Last month author Catherine Nichols went public with her account of sending her novel manuscript to literary agents under a male pseudonym. A writing sample sent to 50 agents in her own name resulted in only two manuscript requests. Seventeen out of 50 agents requested the same materials from “George Leyer”.
Were the agents exhibiting a subconscious gender bias that assumes the superiority of male authors? Or were they responding to the practicalities of a reviewing culture and audience that can overlook or even reject women’s literature?
Watch J.K. Rowling’s interview with the TODAY show below. Post continues after video.
Women’s fiction is reviewed less often than men’s in major publications. Even though women buy two thirds of all books sold in the UK, they are much less likely to be reviewing books in male-dominated literary magazines.
And some audiences, such as young boys, are presumed to be entirely unwilling to read books written by women.
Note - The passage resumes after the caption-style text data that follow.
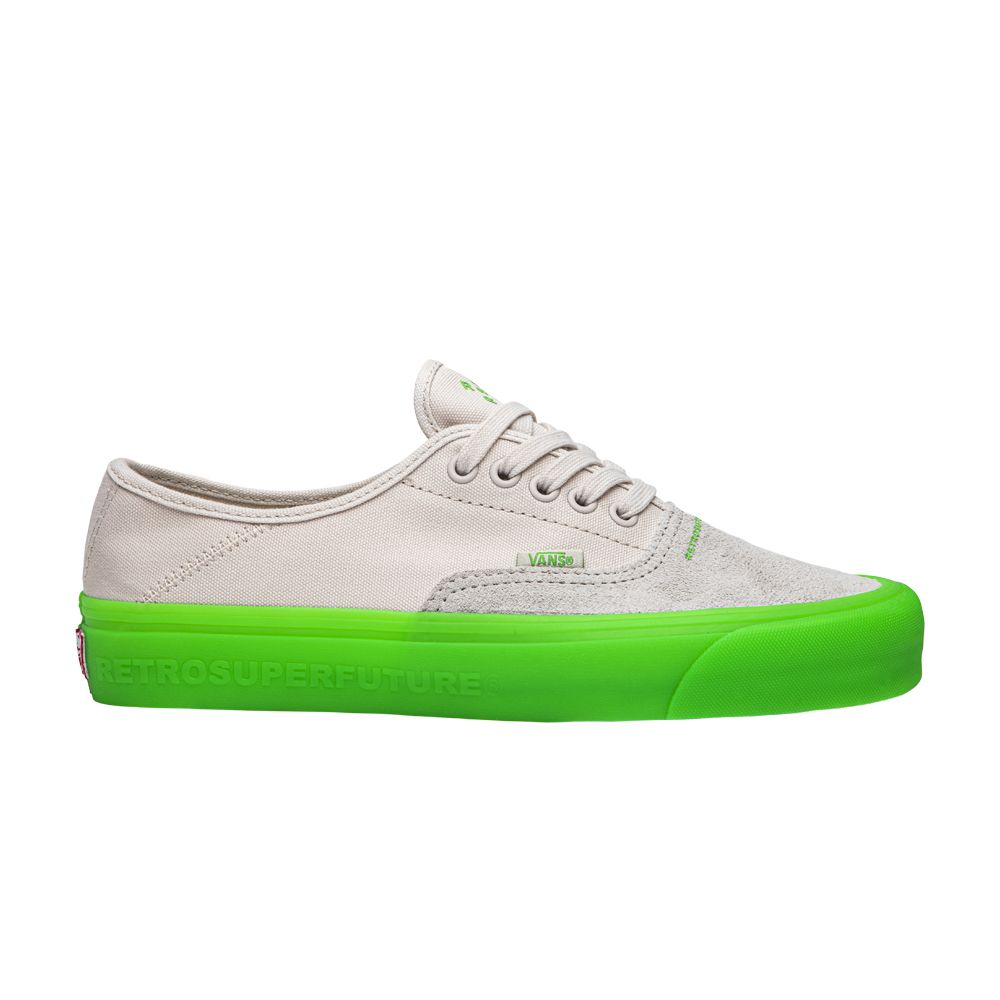 Pre-owned Vans Retrosuperfuture X Style 43 Lx 'white'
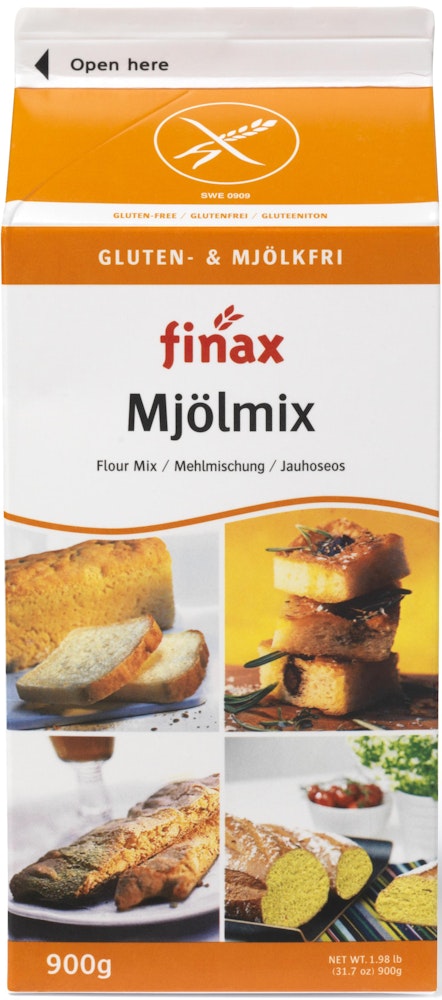 Finax Mjölmix Gluten- och mjölkfri Finax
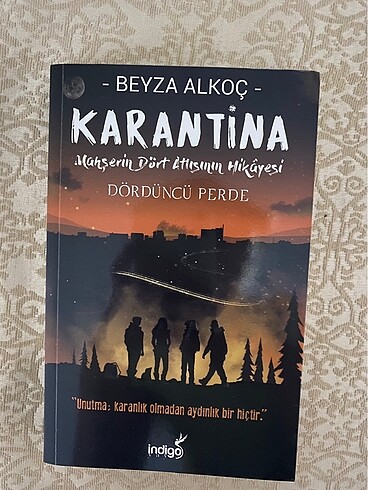 Karantina serisinin 4. Kitabı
J.K. Rowling’s publisher felt that an obviously female name like “Joanne” would dissuade boys from reading the debut Harry Potter novel.
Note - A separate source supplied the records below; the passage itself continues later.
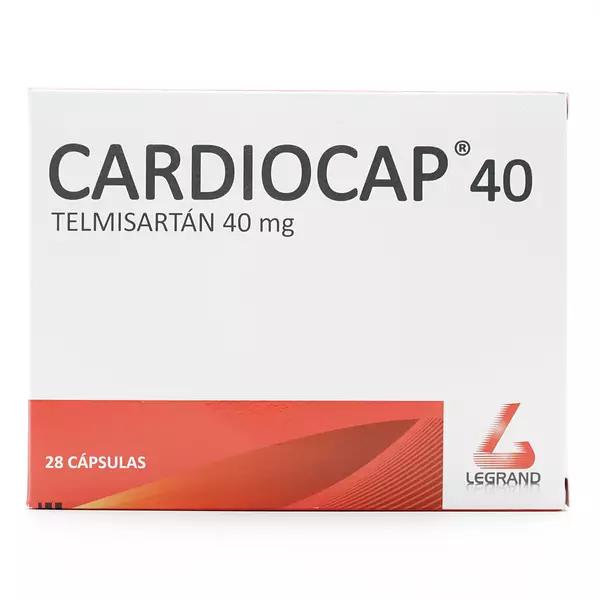 Cardiocap 40mg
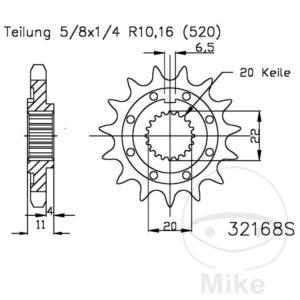 Pignon Racing 13Z PAS 520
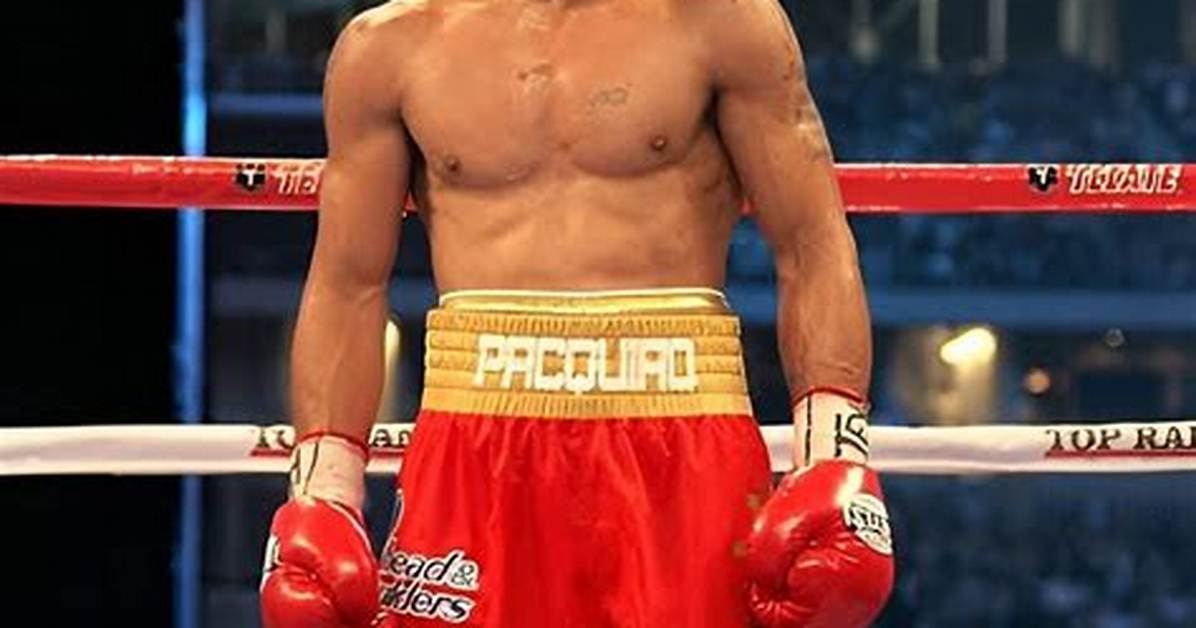 Manny Pacquiao Net Worth: a Comprehensive Look at the Boxing Legend’s Wealth and Career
The unpublished Rowling was simply happy to be published and said in an interview that “they could have called me Enid Snodgrass”. But Enid Snodgrass would have had the same sales handicap as Joanne Rowling—a woman’s name.
Most discussions of contemporary women writers who have adopted male pseudonyms or initials to mask their sex draw connections between these writers and a long line of literary women, such as the Brontë sisters and George Eliot (Mary Ann Evans), who have published under assumed names.
What is less recognised is that the cultural reasons behind women writers concealing their names have shifted dramatically since the nineteenth century.
Today female names vanish to avoid industry and reader perceptions of what women’s fiction is like. Historically, in the British tradition, female names were hidden because of the perceived inappropriateness of women writing novels.
To understand this difference, it is important to know that the very act of reading novels was heavily policed for girls and women in the nineteenth century.